## [RECORDED DATA]
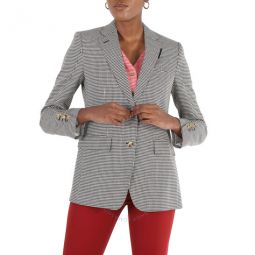 Houndstooth Check Wool Blazer With Waistcoat Detail, Brand Size 10 (US Size 8)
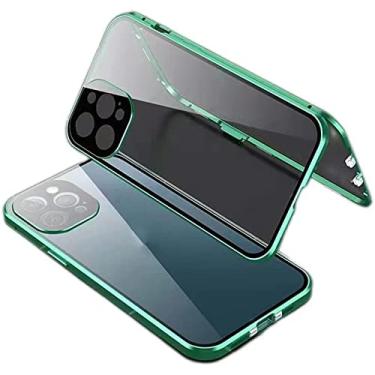Imagem de ORKDFJ Capa magnética para iPhone 14 Pro, capa de telefone de vidro temperado dupla face com protetor de câmera e trava de segurança, capa protetora completa 360 para iPhone 14 Pro 2022 (Cor: Verde1)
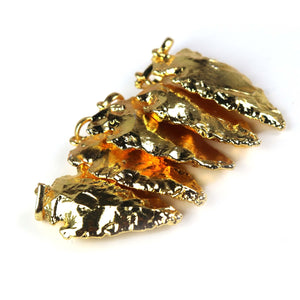 5 Pcs Golden Jasper Arrowhead 24k Gold Plated Single Bail Pendant - Electroplated With Gold Edge 43MMX19MM-37MMX18MM AR056 - Tucson Beads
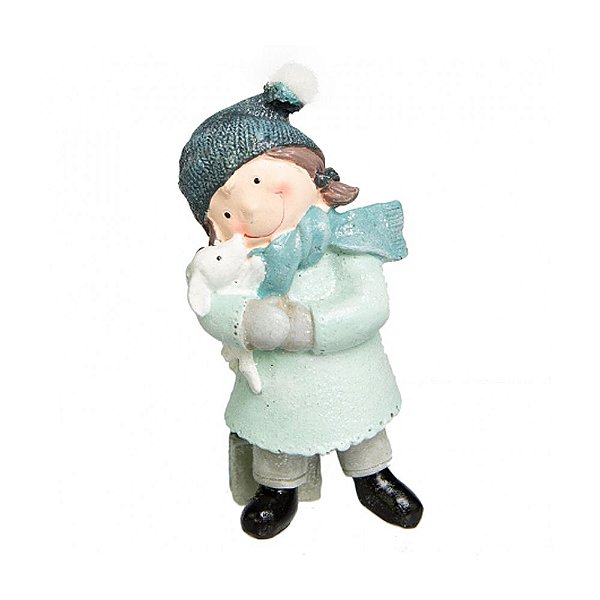 MENINA POLLY DECORATIVA AZUL ABRAÇANDO COELHO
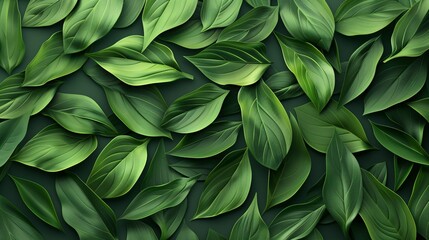 Abstract leaves form a vibrant background, a colorful representation of plant design. Nature's design in artwork, a display of green leaves.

## [PROBLEM REQUIREMENTS]
Your copy of the entries above must be exact and must not include pictures.

## [TASK SOLUTION]
 Houndstooth Check Wool Blazer With Waistcoat Detail, Brand Size 10 (US Size 8)
Imagem de ORKDFJ Capa magnética para iPhone 14 Pro, capa de telefone de vidro temperado dupla face com protetor de câmera e trava de segurança, capa protetora completa 360 para iPhone 14 Pro 2022 (Cor: Verde1)
 5 Pcs Golden Jasper Arrowhead 24k Gold Plated Single Bail Pendant - Electroplated With Gold Edge 43MMX19MM-37MMX18MM AR056 - Tucson Beads
 MENINA POLLY DECORATIVA AZUL ABRAÇANDO COELHO
 Abstract leaves form a vibrant background, a colorful representation of plant design. Nature's design in artwork, a display of green leaves.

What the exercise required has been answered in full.